3. The function of criticism is to identify "hygienic" works of literature and unhealthy ones and explain why they lead to good or bad political consequences. "Dreiser and James: with that juxtaposition we are immediately at the dark and bloody crossroads where literature and politics meets...The liberal judgment of Dreiser and James goes back to politics goes back to the cultural assumptions that makes politics." Menand says, "it makes it seem as though a lot is at stake in getting books right. It assigns literary criticism a mission."

I don't think there is anything I agree with here. I don't understand tracing political consequences as having anything to do with literary criticism. I don't think judging, say, Dreiser or James need have anything to do with politics or where literature and politics meet. How do they meet? James said, give the artist his idea, grant him that and then assess him. Trilling seems to be saying either the opposite or something distinctly different. James was right, Trilling wrong in this. Finally, Trilling was overwrought in thinking that critics are manning a kind of barricades in keeping culture and society in tact by their evaluations.

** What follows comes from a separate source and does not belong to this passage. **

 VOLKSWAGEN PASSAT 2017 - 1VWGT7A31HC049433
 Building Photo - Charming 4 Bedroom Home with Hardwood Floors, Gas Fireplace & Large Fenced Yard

4. Trilling says there is no stable point outside a culture from which to critique it. Culture needs the adversarial and subversive and these are built into a culture, of its nature, and therefore created by it. Culture cannot survive with them. So Trilling came to look at culture the way anthropologists do. If I understand this, I don’t see what so looking at culture has to do with literary criticism. Plus in looking at culture anthropologically isn't Trilling exactly looking at it from a stable point outside it?

5. Finally, Menand notes Trilling fretted over the pernicious uses literature might be put to, say--Trilling’s example--Laurentian sexual radicalism. It seems to me Trilling needn’t have worried. Literature doesn’t operate like that particularly in liberal societies.